### RECORDS PROVIDED

......

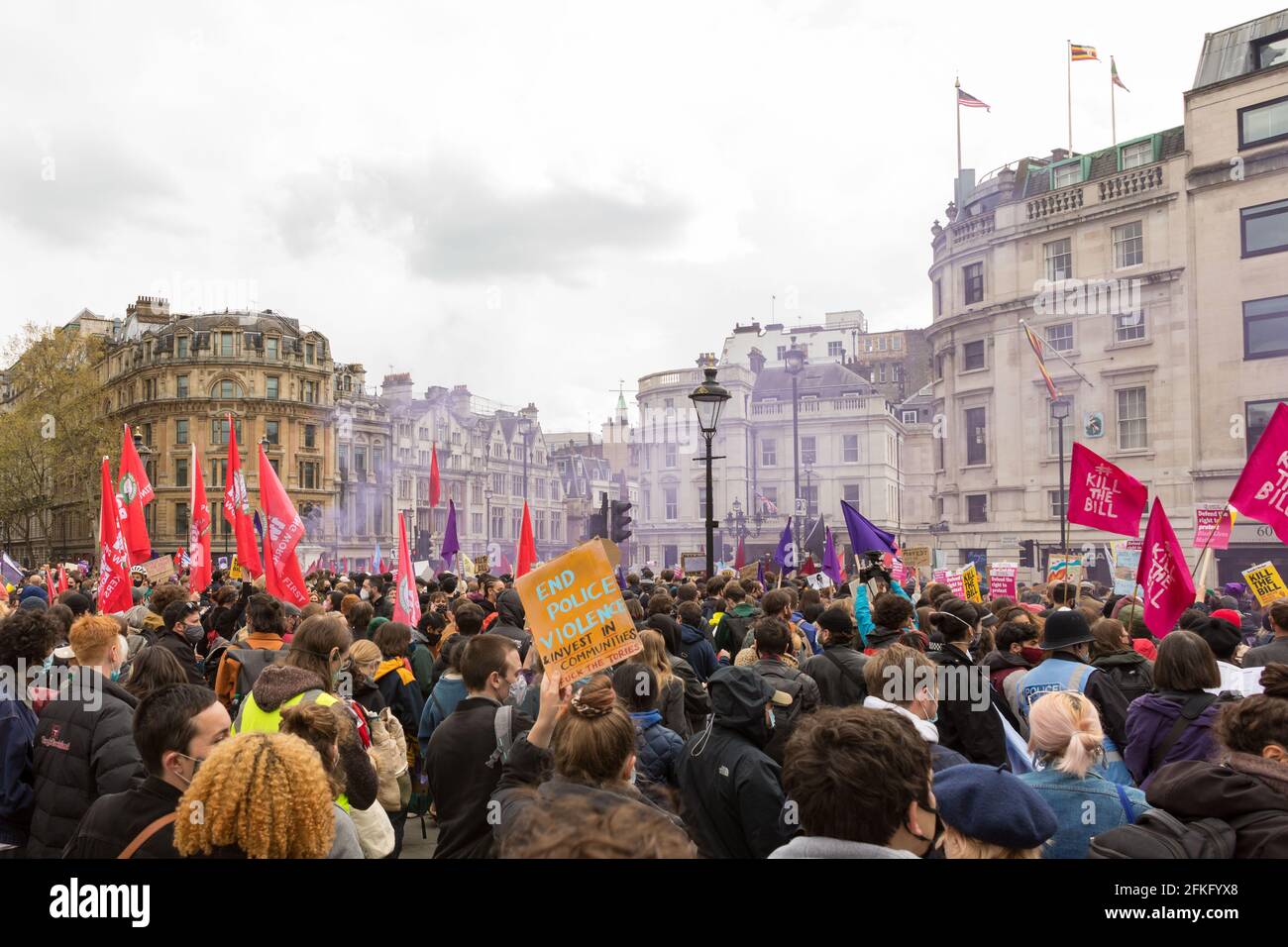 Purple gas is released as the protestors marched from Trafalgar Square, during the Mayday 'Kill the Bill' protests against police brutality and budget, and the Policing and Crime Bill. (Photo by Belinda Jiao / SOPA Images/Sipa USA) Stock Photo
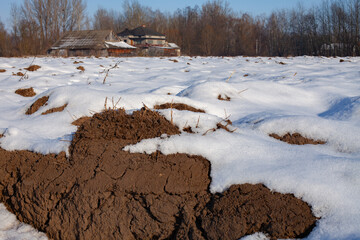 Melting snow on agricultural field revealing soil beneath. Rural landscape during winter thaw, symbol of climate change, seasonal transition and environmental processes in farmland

......

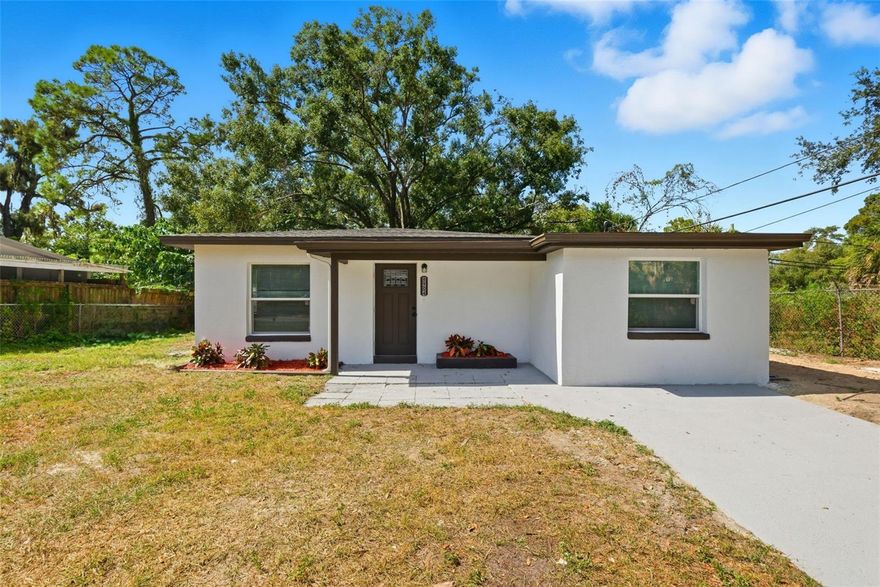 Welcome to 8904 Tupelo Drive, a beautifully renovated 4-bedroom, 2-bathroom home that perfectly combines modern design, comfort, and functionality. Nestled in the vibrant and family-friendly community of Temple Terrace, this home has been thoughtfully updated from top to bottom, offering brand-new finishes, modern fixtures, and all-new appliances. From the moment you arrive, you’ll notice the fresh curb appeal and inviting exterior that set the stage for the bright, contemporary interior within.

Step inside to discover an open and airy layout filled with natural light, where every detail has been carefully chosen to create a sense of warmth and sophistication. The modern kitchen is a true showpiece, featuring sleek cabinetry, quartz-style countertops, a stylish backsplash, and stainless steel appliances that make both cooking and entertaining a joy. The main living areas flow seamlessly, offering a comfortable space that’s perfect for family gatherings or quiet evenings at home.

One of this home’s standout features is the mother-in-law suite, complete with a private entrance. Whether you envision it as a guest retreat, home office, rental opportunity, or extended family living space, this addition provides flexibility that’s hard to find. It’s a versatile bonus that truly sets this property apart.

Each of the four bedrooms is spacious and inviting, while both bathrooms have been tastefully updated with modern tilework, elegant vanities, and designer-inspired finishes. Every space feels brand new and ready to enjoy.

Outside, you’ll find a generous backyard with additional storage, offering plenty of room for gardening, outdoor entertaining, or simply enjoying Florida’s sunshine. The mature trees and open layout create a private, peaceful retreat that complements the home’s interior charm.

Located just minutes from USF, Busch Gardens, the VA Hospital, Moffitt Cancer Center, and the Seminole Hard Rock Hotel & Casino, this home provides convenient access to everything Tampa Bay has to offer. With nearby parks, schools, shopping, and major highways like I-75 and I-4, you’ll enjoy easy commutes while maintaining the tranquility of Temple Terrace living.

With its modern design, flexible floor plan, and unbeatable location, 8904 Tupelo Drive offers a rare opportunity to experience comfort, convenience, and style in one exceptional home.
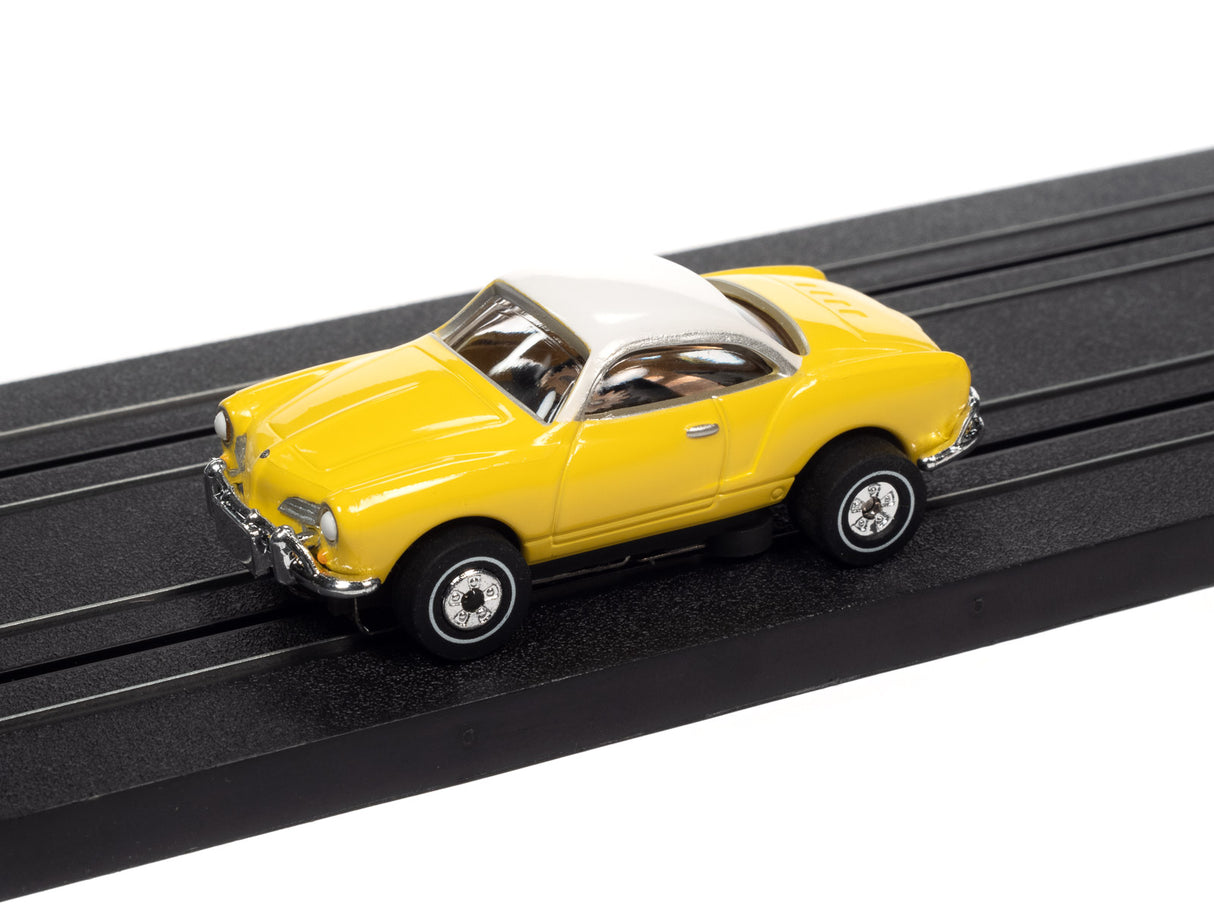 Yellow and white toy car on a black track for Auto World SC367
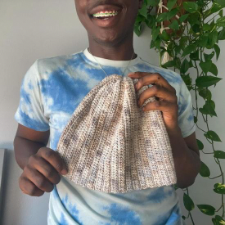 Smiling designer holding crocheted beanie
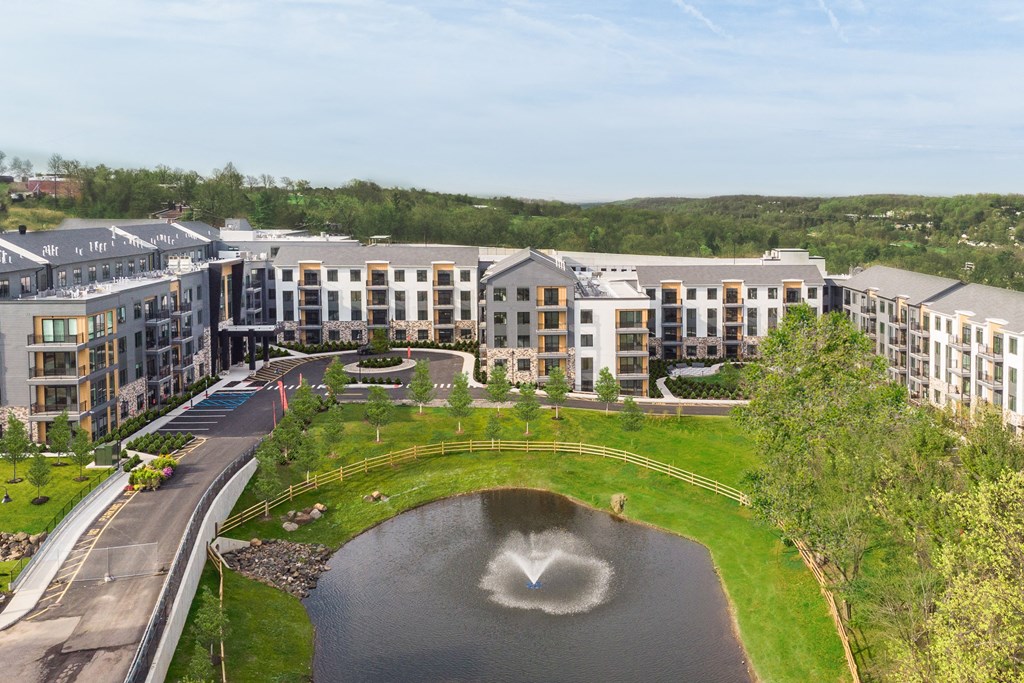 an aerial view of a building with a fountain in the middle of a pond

......

### WHAT YOU SHOULD DO
The reply should hold exactly the lines above, starting at the line with "Purple gas is" and ending at the line with "Melting snow on", and no pictures.

### TASK ANSWER
 Purple gas is released as the protestors marched from Trafalgar Square, during the Mayday 'Kill the Bill' protests against police brutality and budget, and the Policing and Crime Bill. (Photo by Belinda Jiao / SOPA Images/Sipa USA) Stock Photo
 Melting snow on agricultural field revealing soil beneath. Rural landscape during winter thaw, symbol of climate change, seasonal transition and environmental processes in farmland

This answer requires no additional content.